Instructions for the task: The task requires restating, word for word, the lines of the entries below from the one containing "Persian female kitten active" through the final one, both included.

[Entries taken from a collection]
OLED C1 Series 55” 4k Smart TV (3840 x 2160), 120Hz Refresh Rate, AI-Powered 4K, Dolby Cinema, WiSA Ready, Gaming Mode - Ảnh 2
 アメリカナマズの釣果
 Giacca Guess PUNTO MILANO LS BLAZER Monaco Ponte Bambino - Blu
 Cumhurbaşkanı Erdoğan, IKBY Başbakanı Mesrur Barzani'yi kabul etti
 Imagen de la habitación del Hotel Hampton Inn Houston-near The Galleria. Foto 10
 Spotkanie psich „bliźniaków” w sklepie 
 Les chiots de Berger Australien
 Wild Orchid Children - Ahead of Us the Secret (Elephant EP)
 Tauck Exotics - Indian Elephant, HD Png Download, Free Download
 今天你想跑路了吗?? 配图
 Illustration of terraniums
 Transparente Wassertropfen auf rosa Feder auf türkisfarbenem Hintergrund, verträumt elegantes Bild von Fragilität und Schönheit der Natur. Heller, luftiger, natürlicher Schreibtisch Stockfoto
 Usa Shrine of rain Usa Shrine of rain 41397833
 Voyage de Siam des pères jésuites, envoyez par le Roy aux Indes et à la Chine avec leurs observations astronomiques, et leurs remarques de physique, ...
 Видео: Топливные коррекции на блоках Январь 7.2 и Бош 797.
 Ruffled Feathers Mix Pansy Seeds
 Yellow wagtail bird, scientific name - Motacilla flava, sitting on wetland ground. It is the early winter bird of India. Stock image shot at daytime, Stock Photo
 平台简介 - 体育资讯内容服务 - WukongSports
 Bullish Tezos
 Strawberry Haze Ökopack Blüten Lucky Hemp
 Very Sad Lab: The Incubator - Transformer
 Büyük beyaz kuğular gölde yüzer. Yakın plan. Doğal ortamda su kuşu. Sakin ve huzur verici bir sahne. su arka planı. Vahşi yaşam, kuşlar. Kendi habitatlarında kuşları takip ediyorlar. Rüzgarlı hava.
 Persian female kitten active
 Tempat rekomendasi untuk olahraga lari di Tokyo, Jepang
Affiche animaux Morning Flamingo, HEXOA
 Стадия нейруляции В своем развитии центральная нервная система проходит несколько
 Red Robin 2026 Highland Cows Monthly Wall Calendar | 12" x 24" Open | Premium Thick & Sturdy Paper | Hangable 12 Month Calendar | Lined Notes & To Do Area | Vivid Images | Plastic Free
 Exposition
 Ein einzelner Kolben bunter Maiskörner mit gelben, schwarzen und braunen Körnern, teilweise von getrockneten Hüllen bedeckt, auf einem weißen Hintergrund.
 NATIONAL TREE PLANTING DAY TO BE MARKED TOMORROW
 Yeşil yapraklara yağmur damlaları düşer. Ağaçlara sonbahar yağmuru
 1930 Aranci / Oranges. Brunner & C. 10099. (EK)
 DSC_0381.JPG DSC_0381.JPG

Task response:
 Persian female kitten active
 Tempat rekomendasi untuk olahraga lari di Tokyo, Jepang
Affiche animaux Morning Flamingo, HEXOA
 Стадия нейруляции В своем развитии центральная нервная система проходит несколько
 Red Robin 2026 Highland Cows Monthly Wall Calendar | 12" x 24" Open | Premium Thick & Sturdy Paper | Hangable 12 Month Calendar | Lined Notes & To Do Area | Vivid Images | Plastic Free
 Exposition
 Ein einzelner Kolben bunter Maiskörner mit gelben, schwarzen und braunen Körnern, teilweise von getrockneten Hüllen bedeckt, auf einem weißen Hintergrund.
 NATIONAL TREE PLANTING DAY TO BE MARKED TOMORROW
 Yeşil yapraklara yağmur damlaları düşer. Ağaçlara sonbahar yağmuru
 1930 Aranci / Oranges. Brunner & C. 10099. (EK)
 DSC_0381.JPG DSC_0381.JPG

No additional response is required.